Actually yes, Ray Bourque was not a great playoff performer. Go look at the Bill Lindsay goal, the Brad May goal, Bourque burned for goals by mediocre players. He was lucky he was able to ride on Joe Sakics coat tails.....
Right, because getting burned once or twice (something that happens to every player, no matter how good) is what matters, not high end performances and carrying your team as far as it gets.
Bourque did the latter a ton, about as much as a non-goalie possibily could. Do you judge Patrick Roy based on his three Conn Smythe Trophies and multiple great playoffs runs, or the "statue of liberty" and following that getting torched by Detroit in game 7?
Greatness doesn't mean that you are flawless.
Will winning a Cup or not make a difference in perception?

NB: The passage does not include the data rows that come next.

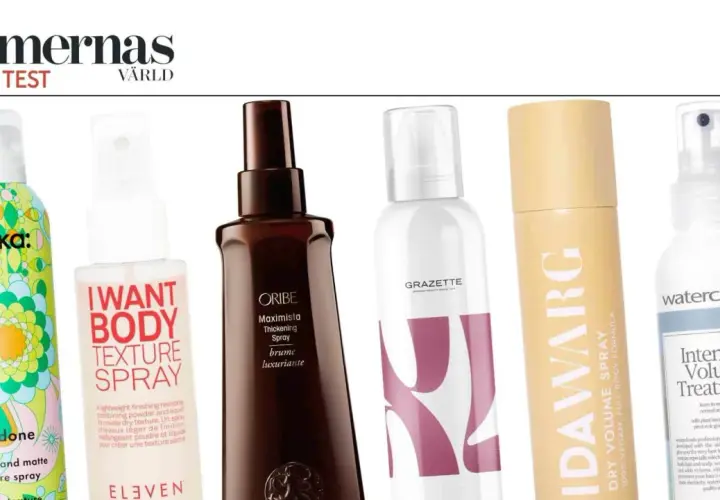 Hårprodukter för volym och textur. Flera flaskor med spray och puder för styling, inklusive "I WANT BODY TEXTURE SPRAY" och "IDAWARG DRY VOLUME SPRAY".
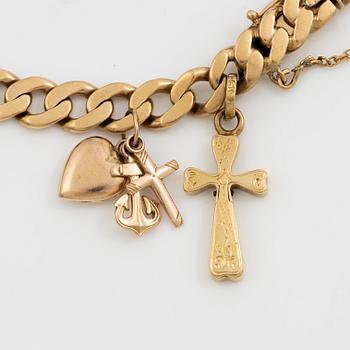 Bracelet 18K gold with charms.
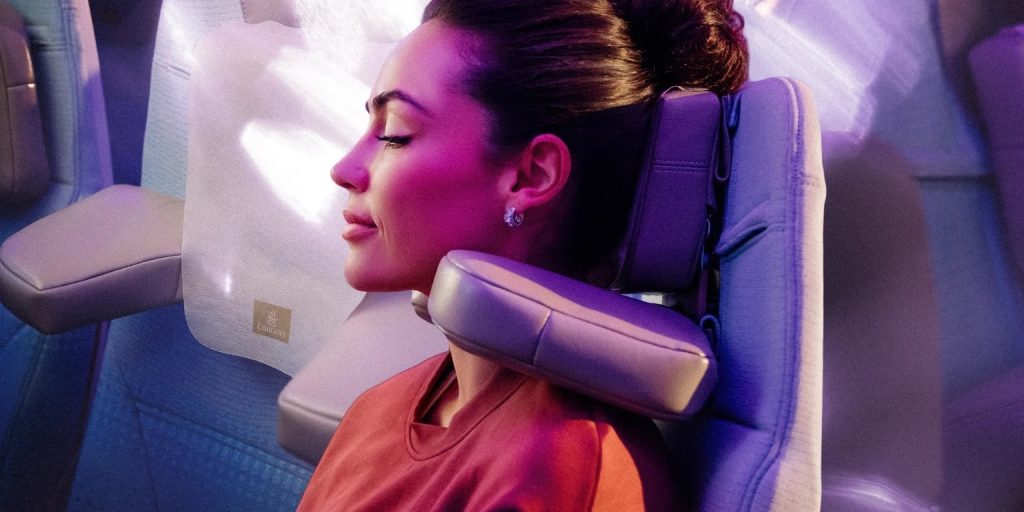 Комфорт в экономе: в самолётах Emirates начали появляться подголовники с откидной подушкой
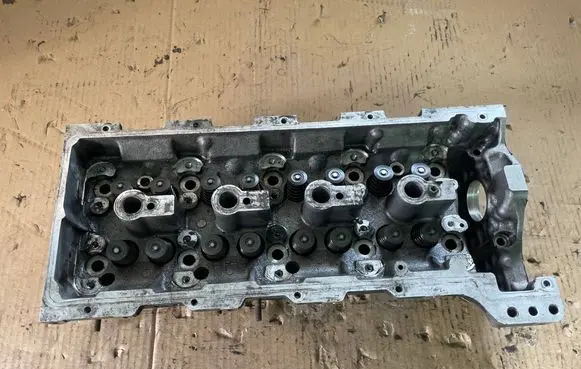 Mercedes-Benz Sprinter W901 W902 W903 W904 Engine head R6110161901
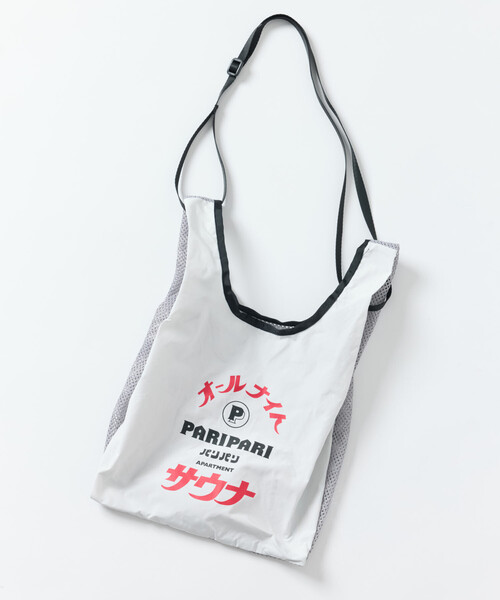 FREAK'S STORE(フリークスストア)の「PARIPARI × SAUVENIR × FREAK'S STORE/パリパリ × サウベニア × フリークスストア 別注 オールナイトサウナ PARIPARI タオル&ショルダーバッグセット(ショルダーバッグ・メンズ・グレー・ONE SIZE)」の6枚目の写真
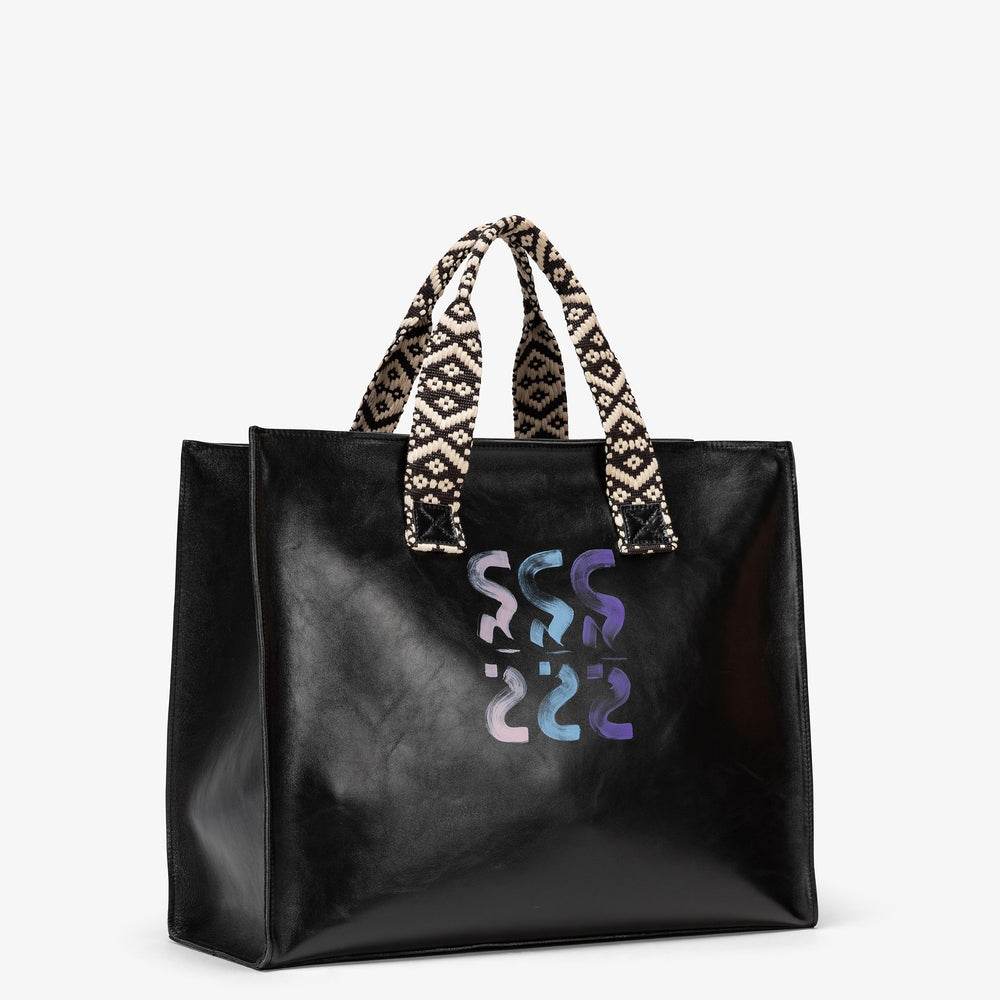 
                      
                        EASY TOTE BLACK GLOSSY - LOGO
                      
                    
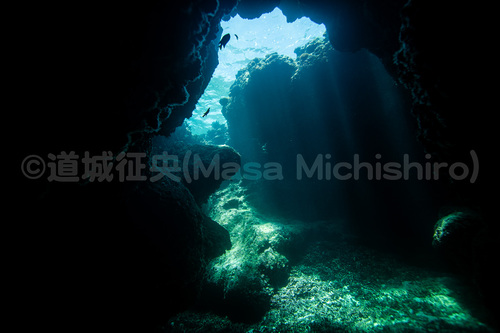 西表島の陽の光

Yes.
Should it? No, absolutely not. It's people ignoring that one player cannot ever win on his own, and there are way too many of those. A team winning has no bearing on how well the player performed. Someone doesn't become a better alltime player just because he lucked himself into becoming a Cup-winner as a fading 4th liner when he got old.
Joe Thornton gets a lower standing because he got the reputation of a playoff-choker, not because he didn't win. He never quite managed to shake that label, though he did have quite a few good runs as well. You fail once or twice, even if it happened due to injury, and it takes a lot for people to forget about that.